「物語 スペインの歴史 人物編」2010/10/09 16:21

 日本でもこのところ領土問題がごたごたしていますが、スペインにもあります。ジブラルタル、イベリア半島の端っこのあそこだけ、イギリス領。300年も植民地状態が続いています。
 以前読んだ「物語 スペインの歴史」と同じ著者で、人物編。前のが歴史上の出来事を中心にしているのに対して、これは人物をピックアップしているのですが、淡々とした語り口なうえに派手な事件があるとも限らないのであんまり面白みはありません。
「騎士エル・シドの物語」
 レコンキスタ時代、最強の騎士団を率いた傭兵隊長。

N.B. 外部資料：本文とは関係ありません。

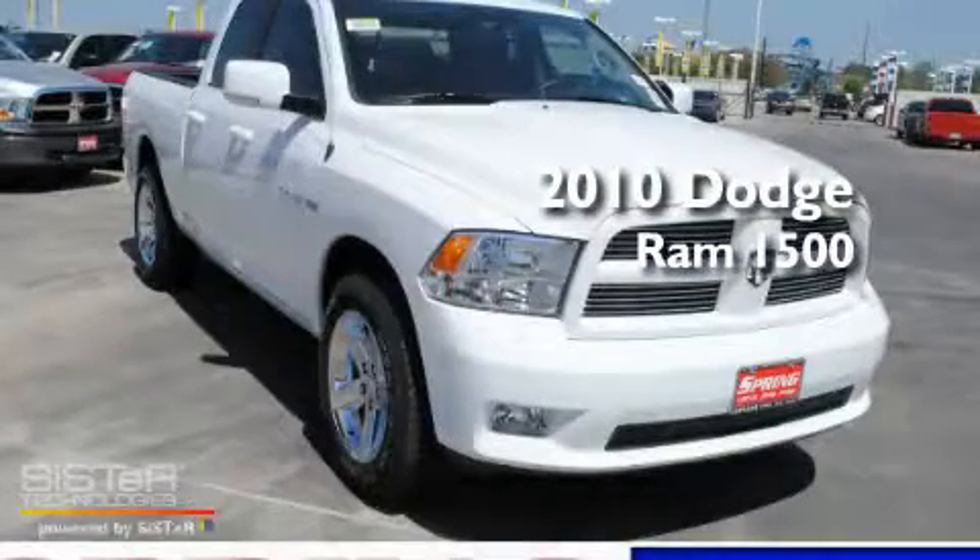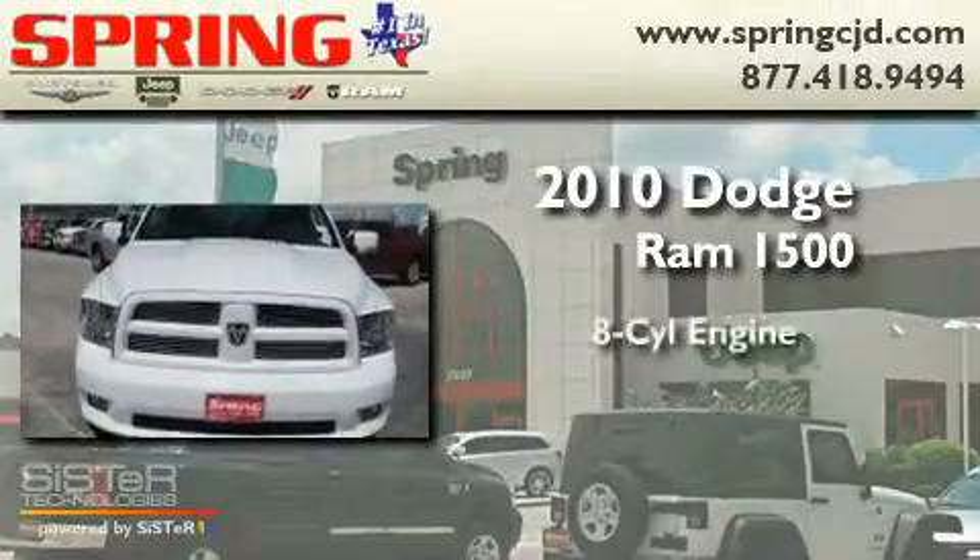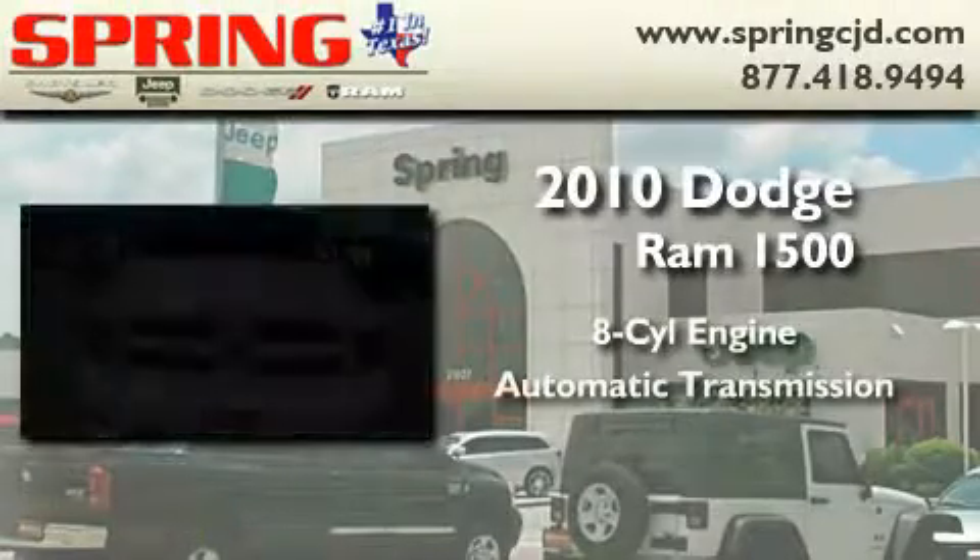This is a brand new 2010 Dodge Ram 1500. It has an 8-cylinder engine and an automatic transmission.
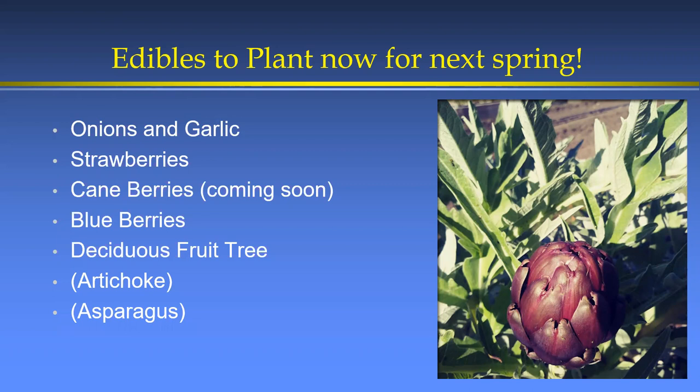Deciduous fruit trees — apricots, cherries, and others that lose their leaves — will be coming into garden centers at year's end and in January. Artichokes too, if you can find them. Asparagus will be coming soon — have that on your radar. For timing-sensitive plants like onions and garlic, I've trained myself to think about them in September rather than January when it's too late. Strawberries I used to think about in summer, but fall is the real planting window. Cane berries, blueberries, and deciduous fruit trees are all about January.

騎士物語のモデルにもされた。傭兵集団って、日本史ではあんまり聞かないのでちょっと新鮮。
「女王ファナの物語」
 イサベルとフェルナンドの娘で、ブルゴーニュのフィリップの所に嫁いだお姫様ですが、このダンナが、美男子だけど浮気性。嫉妬のあまり行動が常軌を逸してしまう。やがてカスティーリャ王位に付いたのですが、女王の身でありながら死ぬまで幽閉されてしまった人。
「聖職者ラス・カサスの物語」
 新大陸でのスペイン人によるインディオたちへの非道な迫害に抗議の声を上げた聖職者。キリスト教の司祭が異教徒に酷いことするのが当然と思っていた人ばかりではないんですね。
「作家セルバンテスの物語」
 かの有名なセルバンテスのご近所で殺人事件がありました、というそれだけの話。
「画家ゴヤの物語」
 ゴヤの生涯をごく簡単に語る。病で耳が聞こえなくなったり異端審問に呼ばれたりフランスに亡命したり、けっこう波乱に満ちています。
「建築家ガウディの物語」
 31歳のときから取り掛かったサグラダ・ファミリアが、彼の死後も未だ完成せず。完全に菜食主義者で、浮浪者みたいな格好。頑固で偏屈で敬虔なカトリック、となると、大聖堂の製作もハンパなこだわりではなかったんでしょうね。